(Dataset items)

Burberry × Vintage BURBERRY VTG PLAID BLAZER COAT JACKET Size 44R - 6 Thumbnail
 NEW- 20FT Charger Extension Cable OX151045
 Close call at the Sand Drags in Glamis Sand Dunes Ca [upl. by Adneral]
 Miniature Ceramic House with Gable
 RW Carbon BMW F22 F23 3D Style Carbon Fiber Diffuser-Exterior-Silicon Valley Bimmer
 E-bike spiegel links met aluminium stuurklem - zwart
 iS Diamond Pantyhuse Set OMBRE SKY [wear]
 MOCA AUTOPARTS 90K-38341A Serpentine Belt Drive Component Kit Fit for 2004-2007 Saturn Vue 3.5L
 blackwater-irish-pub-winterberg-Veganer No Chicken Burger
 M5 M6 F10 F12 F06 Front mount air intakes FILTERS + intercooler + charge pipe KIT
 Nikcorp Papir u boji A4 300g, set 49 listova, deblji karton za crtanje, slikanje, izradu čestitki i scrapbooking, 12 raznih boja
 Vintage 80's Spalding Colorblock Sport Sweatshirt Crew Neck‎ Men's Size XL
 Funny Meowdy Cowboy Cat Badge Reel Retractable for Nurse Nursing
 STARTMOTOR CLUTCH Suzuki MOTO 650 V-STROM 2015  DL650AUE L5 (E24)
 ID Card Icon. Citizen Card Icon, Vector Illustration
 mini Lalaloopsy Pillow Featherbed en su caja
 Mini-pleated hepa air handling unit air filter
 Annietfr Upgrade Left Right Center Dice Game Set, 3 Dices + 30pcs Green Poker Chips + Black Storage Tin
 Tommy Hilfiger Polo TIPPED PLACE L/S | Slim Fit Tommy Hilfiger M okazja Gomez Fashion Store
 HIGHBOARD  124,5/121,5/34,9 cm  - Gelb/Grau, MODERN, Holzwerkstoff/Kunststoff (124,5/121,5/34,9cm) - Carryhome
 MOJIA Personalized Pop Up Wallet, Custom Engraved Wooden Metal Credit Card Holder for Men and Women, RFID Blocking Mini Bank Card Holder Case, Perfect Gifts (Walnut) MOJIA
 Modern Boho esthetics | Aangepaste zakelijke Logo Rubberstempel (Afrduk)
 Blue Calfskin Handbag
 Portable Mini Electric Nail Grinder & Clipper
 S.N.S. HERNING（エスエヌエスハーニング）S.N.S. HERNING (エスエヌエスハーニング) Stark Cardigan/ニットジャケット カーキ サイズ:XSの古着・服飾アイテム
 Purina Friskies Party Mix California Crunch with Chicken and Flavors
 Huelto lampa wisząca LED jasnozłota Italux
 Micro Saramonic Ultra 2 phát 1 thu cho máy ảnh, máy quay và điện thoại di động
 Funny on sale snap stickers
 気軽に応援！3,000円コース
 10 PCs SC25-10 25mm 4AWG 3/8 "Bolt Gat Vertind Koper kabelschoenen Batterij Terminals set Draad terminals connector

WORK ORDER:
Write out every line of the entries that holds the word "with".

ANSWER SPACE:
 Miniature Ceramic House with Gable
 Purina Friskies Party Mix California Crunch with Chicken and Flavors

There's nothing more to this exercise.